● Your task:
Give a verbatim copy of the data, leaving the pictures out.

● Dataset extract:
▼
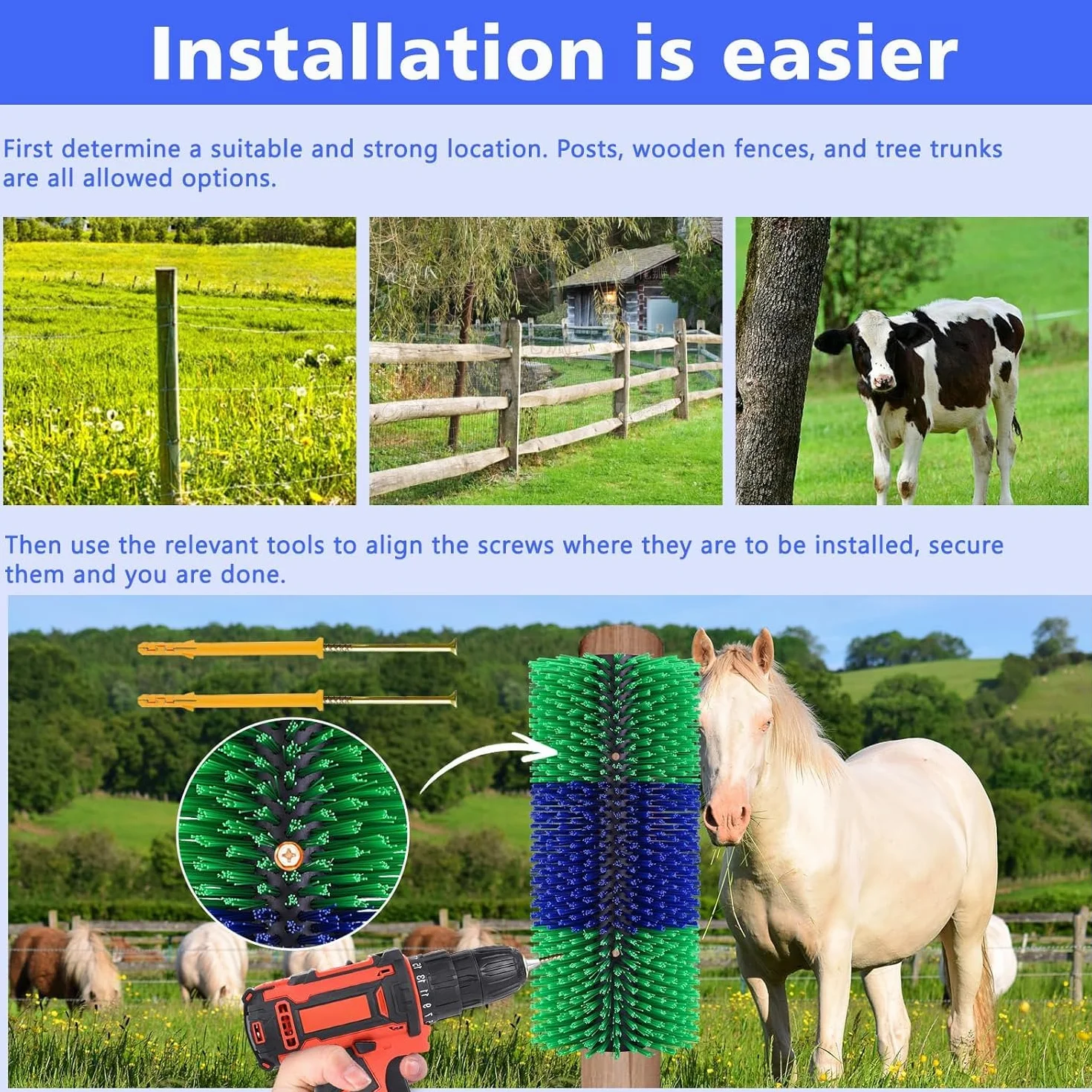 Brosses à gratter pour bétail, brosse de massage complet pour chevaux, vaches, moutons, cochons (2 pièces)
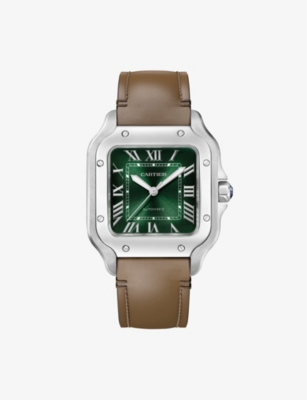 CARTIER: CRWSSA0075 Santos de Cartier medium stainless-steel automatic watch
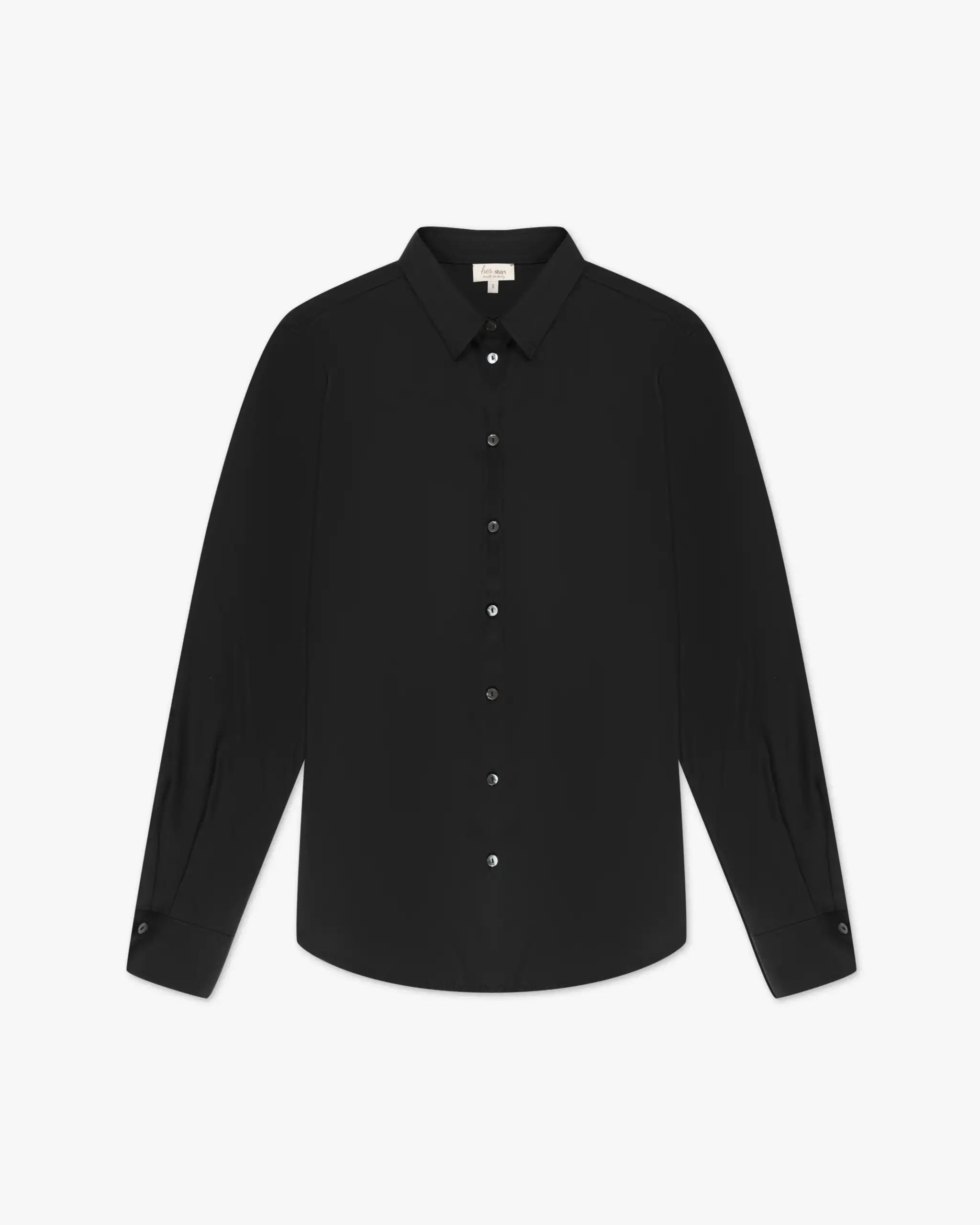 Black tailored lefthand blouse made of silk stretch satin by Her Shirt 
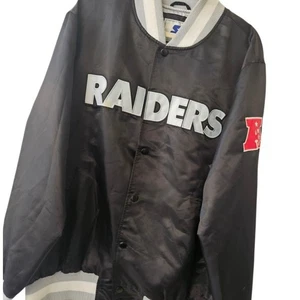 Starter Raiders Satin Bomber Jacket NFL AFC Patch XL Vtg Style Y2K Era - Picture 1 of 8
▲
● Task output:
 Brosses à gratter pour bétail, brosse de massage complet pour chevaux, vaches, moutons, cochons (2 pièces)
 CARTIER: CRWSSA0075 Santos de Cartier medium stainless-steel automatic watch
 Black tailored lefthand blouse made of silk stretch satin by Her Shirt 
 Starter Raiders Satin Bomber Jacket NFL AFC Patch XL Vtg Style Y2K Era - Picture 1 of 8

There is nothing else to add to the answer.